TASK ITEM: Make an exact copy of the lines from the one containing "[第34话] 赔偿损失23" to the end of the records below, and leave out everything else.

++++ DATASET RECORDS

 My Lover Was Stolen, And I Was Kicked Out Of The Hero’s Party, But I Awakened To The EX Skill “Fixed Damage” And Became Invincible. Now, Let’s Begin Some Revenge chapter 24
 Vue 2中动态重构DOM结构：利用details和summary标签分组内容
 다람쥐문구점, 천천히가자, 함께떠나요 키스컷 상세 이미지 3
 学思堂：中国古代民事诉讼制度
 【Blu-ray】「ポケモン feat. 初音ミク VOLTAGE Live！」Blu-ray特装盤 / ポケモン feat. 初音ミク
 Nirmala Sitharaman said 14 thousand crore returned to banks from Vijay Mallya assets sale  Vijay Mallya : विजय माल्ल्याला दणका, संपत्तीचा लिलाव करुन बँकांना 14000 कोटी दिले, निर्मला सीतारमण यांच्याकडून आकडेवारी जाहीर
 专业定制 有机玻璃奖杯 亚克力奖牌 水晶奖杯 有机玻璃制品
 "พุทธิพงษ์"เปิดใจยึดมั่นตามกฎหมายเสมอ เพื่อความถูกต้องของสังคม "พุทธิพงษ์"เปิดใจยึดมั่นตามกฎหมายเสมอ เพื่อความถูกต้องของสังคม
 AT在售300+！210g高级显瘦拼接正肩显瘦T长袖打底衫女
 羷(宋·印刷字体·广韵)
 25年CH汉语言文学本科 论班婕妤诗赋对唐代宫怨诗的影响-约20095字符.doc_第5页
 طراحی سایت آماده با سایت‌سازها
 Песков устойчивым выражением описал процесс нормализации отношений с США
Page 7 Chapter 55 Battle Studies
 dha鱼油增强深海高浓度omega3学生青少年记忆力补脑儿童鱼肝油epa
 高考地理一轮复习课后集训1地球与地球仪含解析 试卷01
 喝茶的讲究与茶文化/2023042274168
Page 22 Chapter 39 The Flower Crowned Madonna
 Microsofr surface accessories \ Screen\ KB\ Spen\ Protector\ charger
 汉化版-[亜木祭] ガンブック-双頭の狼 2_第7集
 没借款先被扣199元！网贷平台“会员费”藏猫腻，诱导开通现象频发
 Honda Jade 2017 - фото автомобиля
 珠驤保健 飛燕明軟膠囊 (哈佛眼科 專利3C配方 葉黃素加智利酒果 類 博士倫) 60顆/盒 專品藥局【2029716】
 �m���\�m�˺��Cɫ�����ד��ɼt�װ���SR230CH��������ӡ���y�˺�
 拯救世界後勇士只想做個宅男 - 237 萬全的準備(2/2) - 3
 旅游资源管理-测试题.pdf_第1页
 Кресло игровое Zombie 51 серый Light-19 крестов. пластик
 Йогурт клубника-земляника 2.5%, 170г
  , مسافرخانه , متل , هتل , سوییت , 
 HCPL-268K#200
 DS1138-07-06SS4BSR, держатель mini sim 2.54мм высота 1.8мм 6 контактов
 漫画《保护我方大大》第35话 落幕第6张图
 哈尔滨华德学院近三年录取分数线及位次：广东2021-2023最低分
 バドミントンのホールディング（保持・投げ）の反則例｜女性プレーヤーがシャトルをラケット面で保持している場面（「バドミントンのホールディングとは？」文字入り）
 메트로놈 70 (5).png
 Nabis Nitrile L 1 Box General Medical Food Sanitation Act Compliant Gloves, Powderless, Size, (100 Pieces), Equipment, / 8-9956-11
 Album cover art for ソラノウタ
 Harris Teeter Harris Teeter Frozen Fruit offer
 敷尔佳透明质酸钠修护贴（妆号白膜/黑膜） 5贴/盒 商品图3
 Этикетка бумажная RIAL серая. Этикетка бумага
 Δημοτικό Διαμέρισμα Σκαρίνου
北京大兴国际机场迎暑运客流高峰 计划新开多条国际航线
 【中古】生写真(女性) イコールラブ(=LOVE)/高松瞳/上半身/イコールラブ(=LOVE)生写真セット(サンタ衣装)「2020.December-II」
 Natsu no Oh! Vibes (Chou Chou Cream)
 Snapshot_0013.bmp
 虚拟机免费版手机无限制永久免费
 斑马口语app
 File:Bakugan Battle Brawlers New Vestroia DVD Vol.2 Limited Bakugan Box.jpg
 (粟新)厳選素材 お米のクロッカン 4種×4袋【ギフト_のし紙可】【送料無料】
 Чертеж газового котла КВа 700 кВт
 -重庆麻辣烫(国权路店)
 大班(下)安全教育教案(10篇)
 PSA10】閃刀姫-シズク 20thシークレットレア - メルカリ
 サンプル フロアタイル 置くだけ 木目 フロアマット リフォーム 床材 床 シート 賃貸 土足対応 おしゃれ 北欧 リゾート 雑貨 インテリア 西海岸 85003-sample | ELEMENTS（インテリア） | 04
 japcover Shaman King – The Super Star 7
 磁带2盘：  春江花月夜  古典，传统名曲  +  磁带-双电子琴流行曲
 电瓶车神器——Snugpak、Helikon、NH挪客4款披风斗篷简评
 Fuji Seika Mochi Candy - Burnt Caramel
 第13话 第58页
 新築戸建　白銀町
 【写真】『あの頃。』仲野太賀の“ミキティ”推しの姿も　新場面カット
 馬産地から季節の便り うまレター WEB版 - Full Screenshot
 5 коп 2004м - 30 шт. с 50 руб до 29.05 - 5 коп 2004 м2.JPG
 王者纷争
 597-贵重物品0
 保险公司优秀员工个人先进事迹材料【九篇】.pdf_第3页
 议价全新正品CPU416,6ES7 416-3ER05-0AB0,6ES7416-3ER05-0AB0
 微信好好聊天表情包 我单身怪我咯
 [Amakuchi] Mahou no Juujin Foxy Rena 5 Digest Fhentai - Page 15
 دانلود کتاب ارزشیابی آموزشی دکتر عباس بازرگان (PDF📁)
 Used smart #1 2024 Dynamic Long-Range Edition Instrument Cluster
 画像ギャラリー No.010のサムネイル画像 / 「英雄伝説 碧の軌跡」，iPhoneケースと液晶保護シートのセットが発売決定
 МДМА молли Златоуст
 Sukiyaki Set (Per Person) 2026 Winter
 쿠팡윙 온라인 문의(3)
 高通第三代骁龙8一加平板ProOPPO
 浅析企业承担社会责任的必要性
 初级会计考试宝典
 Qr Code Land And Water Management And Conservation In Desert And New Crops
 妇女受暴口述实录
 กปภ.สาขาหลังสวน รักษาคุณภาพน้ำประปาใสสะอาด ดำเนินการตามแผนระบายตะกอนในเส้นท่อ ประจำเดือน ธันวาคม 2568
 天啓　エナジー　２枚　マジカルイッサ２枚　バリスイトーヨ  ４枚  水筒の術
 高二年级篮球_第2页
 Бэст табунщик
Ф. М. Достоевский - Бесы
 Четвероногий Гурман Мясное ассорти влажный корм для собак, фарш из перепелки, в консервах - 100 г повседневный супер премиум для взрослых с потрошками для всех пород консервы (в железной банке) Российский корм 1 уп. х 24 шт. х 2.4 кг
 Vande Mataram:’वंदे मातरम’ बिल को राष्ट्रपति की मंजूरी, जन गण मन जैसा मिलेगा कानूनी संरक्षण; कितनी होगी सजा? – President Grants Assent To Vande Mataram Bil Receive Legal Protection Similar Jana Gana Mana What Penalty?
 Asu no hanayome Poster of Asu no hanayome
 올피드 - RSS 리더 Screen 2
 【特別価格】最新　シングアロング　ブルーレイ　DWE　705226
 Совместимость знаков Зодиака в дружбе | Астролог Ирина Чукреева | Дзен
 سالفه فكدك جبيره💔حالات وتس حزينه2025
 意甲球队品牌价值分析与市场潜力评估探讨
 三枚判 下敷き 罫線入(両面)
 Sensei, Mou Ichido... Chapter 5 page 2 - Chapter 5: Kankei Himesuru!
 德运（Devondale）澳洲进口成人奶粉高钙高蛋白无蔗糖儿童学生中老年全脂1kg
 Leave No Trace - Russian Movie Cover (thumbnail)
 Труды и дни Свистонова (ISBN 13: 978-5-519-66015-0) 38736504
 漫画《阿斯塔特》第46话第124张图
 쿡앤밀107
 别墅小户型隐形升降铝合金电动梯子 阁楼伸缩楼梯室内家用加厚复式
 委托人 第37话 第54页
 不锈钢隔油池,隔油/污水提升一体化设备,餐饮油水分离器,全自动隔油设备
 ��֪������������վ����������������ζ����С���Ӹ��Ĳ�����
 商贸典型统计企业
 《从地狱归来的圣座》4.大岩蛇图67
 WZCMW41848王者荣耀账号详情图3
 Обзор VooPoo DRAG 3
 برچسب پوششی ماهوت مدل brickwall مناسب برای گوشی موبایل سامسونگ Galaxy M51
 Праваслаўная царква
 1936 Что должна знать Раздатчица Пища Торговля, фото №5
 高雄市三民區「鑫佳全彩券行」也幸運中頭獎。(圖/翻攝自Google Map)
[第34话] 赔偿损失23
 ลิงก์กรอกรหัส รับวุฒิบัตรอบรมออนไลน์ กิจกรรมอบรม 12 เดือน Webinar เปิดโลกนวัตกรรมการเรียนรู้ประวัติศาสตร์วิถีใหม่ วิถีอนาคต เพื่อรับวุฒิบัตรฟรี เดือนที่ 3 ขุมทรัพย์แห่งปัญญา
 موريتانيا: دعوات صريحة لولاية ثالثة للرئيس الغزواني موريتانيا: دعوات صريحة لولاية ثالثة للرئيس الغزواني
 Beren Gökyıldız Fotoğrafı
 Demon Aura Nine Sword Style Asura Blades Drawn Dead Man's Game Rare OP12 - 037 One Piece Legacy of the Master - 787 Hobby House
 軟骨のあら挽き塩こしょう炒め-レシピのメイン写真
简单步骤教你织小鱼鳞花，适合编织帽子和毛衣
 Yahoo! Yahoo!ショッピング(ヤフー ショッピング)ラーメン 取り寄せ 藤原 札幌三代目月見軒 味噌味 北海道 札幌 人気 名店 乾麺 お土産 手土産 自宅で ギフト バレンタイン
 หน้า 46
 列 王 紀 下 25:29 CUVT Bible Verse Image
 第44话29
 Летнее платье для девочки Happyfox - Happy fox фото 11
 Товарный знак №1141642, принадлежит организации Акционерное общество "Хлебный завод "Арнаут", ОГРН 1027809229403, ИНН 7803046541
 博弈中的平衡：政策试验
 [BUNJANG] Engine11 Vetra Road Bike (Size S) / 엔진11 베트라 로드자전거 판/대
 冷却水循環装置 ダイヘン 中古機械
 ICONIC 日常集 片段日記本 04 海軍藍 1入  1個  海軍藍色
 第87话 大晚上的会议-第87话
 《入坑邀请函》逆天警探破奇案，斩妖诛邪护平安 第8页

++++++++

RESPONSE TO THIS TASK:
[第34话] 赔偿损失23
 ลิงก์กรอกรหัส รับวุฒิบัตรอบรมออนไลน์ กิจกรรมอบรม 12 เดือน Webinar เปิดโลกนวัตกรรมการเรียนรู้ประวัติศาสตร์วิถีใหม่ วิถีอนาคต เพื่อรับวุฒิบัตรฟรี เดือนที่ 3 ขุมทรัพย์แห่งปัญญา
 موريتانيا: دعوات صريحة لولاية ثالثة للرئيس الغزواني موريتانيا: دعوات صريحة لولاية ثالثة للرئيس الغزواني
 Beren Gökyıldız Fotoğrafı
 Demon Aura Nine Sword Style Asura Blades Drawn Dead Man's Game Rare OP12 - 037 One Piece Legacy of the Master - 787 Hobby House
 軟骨のあら挽き塩こしょう炒め-レシピのメイン写真
简单步骤教你织小鱼鳞花，适合编织帽子和毛衣
 Yahoo! Yahoo!ショッピング(ヤフー ショッピング)ラーメン 取り寄せ 藤原 札幌三代目月見軒 味噌味 北海道 札幌 人気 名店 乾麺 お土産 手土産 自宅で ギフト バレンタイン
 หน้า 46
 列 王 紀 下 25:29 CUVT Bible Verse Image
 第44话29
 Летнее платье для девочки Happyfox - Happy fox фото 11
 Товарный знак №1141642, принадлежит организации Акционерное общество "Хлебный завод "Арнаут", ОГРН 1027809229403, ИНН 7803046541
 博弈中的平衡：政策试验
 [BUNJANG] Engine11 Vetra Road Bike (Size S) / 엔진11 베트라 로드자전거 판/대
 冷却水循環装置 ダイヘン 中古機械
 ICONIC 日常集 片段日記本 04 海軍藍 1入  1個  海軍藍色
 第87话 大晚上的会议-第87话
 《入坑邀请函》逆天警探破奇案，斩妖诛邪护平安 第8页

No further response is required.